Detect transient API failures correctly (apps/cli/ai/ui.ts, apps/cli/ai/output-adapter.ts): route result messages on message.is_error instead of message.subtype. The SDK can emit {subtype:"success", is_error:true} (e.g. after exhausting retries on a 504), and this was previously mis-classified as success.
User-mediated retry prompt (apps/cli/commands/ai/index.ts): on is_error:true or a thrown transport error, the code agent now asks "There was a hiccup on the server. Do you want to continue?". Yes resumes the session with "Continue from where you left off."; No stops.
Bounded retries: capped at 4 user-prompted attempts per turn. After that, the CLI shows "The server has not recovered after multiple attempts. Please try again later." instead of prompting again.
Fail-fast SDK retries (apps/cli/ai/providers.ts): set CLAUDE_CODE_MAX_RETRIES=1 in the provider env so each failed attempt errors in ~1-2 min instead of burning the SDK's default 10 retries (~29 min). Respects a user-supplied override.
Interrupt-cleanup safety (apps/cli/ai/agent.ts): the existing unhandledRejection handler that swallowed Query closed now also swallows ProcessTransport is not ready for writing.
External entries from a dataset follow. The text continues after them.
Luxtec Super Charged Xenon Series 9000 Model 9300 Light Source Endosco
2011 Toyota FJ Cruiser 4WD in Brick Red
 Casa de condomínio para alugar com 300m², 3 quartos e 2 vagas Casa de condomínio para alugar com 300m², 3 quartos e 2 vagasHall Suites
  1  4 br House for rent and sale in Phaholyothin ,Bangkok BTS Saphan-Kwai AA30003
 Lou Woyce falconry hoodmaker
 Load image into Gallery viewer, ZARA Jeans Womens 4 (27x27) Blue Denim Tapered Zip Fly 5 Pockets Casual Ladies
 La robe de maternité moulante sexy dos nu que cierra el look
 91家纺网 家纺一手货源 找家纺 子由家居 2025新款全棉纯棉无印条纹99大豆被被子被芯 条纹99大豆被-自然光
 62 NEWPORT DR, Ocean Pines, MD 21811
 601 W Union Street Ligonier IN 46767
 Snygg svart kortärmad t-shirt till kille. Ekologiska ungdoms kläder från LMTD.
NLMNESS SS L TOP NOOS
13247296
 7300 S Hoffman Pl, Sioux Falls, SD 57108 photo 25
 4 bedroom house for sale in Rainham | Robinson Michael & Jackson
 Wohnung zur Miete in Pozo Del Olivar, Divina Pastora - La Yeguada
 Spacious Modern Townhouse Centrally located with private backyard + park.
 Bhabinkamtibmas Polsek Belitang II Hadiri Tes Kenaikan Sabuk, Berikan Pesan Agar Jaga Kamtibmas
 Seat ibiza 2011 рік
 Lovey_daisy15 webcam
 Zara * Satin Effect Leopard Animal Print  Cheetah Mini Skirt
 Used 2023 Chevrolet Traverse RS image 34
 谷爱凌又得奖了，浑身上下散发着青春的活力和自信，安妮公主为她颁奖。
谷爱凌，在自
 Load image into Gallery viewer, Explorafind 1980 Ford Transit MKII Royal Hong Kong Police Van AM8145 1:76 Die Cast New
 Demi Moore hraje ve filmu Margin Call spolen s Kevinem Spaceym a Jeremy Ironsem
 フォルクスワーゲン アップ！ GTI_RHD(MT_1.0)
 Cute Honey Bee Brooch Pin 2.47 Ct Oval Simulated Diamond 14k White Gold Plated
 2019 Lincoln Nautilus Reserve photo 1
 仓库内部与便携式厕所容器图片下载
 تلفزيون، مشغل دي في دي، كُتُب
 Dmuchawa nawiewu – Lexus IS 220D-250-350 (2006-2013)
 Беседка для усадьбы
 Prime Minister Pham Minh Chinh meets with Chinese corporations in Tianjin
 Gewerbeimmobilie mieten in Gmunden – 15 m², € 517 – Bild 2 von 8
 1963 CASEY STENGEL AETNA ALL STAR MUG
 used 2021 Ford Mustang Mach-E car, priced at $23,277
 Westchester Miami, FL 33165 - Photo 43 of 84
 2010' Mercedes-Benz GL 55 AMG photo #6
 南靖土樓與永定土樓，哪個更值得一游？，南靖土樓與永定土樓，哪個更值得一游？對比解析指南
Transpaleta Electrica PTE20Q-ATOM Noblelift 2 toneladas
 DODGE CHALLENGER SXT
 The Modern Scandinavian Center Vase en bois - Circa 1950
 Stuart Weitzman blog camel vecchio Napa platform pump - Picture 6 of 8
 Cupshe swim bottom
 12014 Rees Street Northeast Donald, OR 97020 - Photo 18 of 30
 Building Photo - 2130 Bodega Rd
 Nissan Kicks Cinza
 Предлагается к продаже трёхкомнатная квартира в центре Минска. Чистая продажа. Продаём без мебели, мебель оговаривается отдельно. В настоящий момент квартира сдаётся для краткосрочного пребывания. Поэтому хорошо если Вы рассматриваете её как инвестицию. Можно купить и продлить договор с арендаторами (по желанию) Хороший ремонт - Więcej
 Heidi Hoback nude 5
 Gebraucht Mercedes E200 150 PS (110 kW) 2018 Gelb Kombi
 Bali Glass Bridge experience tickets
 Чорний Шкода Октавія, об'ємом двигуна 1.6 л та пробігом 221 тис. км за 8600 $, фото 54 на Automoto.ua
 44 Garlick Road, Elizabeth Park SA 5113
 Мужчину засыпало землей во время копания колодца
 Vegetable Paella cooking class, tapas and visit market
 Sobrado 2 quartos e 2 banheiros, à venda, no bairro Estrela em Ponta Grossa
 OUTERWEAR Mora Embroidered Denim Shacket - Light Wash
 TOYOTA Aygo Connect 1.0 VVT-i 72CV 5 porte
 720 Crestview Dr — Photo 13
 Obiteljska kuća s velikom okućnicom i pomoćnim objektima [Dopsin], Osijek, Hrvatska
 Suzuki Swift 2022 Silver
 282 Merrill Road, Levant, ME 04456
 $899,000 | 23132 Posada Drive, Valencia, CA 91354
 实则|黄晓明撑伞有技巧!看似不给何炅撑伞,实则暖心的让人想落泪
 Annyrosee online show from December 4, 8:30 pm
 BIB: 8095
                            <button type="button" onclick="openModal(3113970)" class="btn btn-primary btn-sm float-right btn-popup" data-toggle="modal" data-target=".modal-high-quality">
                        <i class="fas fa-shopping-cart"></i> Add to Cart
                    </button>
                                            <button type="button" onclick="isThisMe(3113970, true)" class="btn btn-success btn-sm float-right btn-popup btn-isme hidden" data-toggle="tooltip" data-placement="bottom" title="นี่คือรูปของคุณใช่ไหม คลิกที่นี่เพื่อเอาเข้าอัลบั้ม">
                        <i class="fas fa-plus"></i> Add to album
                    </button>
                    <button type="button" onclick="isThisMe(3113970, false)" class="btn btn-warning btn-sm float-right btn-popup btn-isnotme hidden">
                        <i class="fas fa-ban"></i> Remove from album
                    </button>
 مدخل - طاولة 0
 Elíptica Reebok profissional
Both come from the SDK's cleanup path on ESC; without this, pressing ESC during a tool call crashes the CLI.
Interrupt vs. error distinction (apps/cli/ai/output-adapter.ts, apps/cli/ai/ui.ts): HandleMessageResult now carries an interrupted flag so user-initiated ESC does not trigger the retry prompt.

Error recovery flow

State machine

flowchart TD
    Start([User sends prompt]) --> Turn[runAgentTurn]
    Turn --> SDKCall[SDK → AI proxy]
    SDKCall --> SDKResult{Response ok?}
    SDKResult -->|Yes| Success([Turn succeeds])
    SDKResult -->|Transient failure<br/>504 / timeout / etc.| SDKRetry[SDK retries once<br/>CLAUDE_CODE_MAX_RETRIES=1]
    SDKRetry --> SDKCall2[SDK → AI proxy]
    SDKCall2 --> SDKResult2{Response ok?}
    SDKResult2 -->|Yes| Success
    SDKResult2 -->|Still failing| Detect{is_error: true<br/>OR<br/>thrown error?}
    Detect -->|No| Success
    Detect -->|Yes| CheckCap{retryAttempt<br/>≥ 4?}
    CheckCap -->|Yes| GiveUp([Show 'try again later'<br/>return to input])
    CheckCap -->|No| Prompt[/Prompt user:<br/>'There was a hiccup<br/>on the server.<br/>Do you want to continue?'/]
    Prompt -->|No| Stop([Return to input])
    Prompt -->|Yes| Resume[Resume session<br/>with same sessionId<br/>retryAttempt++]
    Resume --> Turn

    classDef success fill:#d4edda,stroke:#28a745,color:#000
    classDef error fill:#f8d7da,stroke:#dc3545,color:#000
    classDef prompt fill:#fff3cd,stroke:#ffc107,color:#000
    class Success success
    class GiveUp,Stop error
    class Prompt prompt

Concrete recovery (server-side hiccup that clears on its own)

sequenceDiagram
    participant U as User
    participant CLI as Studio CLI
    participant SDK as Agent SDK
    participant Proxy as AI Proxy

    U->>CLI: Send prompt
    CLI->>SDK: Start turn (attempt 1)
    SDK->>Proxy: POST /v1/messages (stream)
    Proxy--xSDK: 504 Gateway Timeout
    Note over SDK: CLAUDE_CODE_MAX_RETRIES=1<br/>one quick retry
    SDK->>Proxy: POST /v1/messages (retry)
    Proxy--xSDK: 504 again
    SDK-->>CLI: result: is_error=true<br/>(~1–2 min elapsed)
    CLI->>U: 'Hiccup on the server.<br/>Do you want to continue?'
    Note over U,Proxy: User pauses to read.<br/>Server recovers in the meantime.
    U->>CLI: Yes
    CLI->>SDK: Resume session<br/>'Continue from where you left off.'<br/>(attempt 2)
    SDK->>Proxy: POST /v1/messages
    Proxy-->>SDK: 200 stream OK
    SDK-->>CLI: Assistant messages + tool calls
    CLI->>U: Turn completes

Recovery when the server stays down

Each failed attempt ends in ~1–2 min thanks to the SDK retry cap. After four prompted retries (attempts 2 → 5 counted from the user's POV), the CLI stops prompting and shows "The server has not recovered after multiple attempts. Please try again later." Total time elapsed: bounded at roughly 5–10 min instead of the previous ~40 mins (10 SDK retries × streaming + non-streaming paths).

Testing Instructions

Prerequisite: npm run cli:build (the CLI must be rebuilt to pick up the changes).

Happy path

Run node apps/cli/dist/cli/main.mjs code.
Ask the agent anything simple (e.g. "Create a site called Test"). Turn should complete normally with no retry prompt.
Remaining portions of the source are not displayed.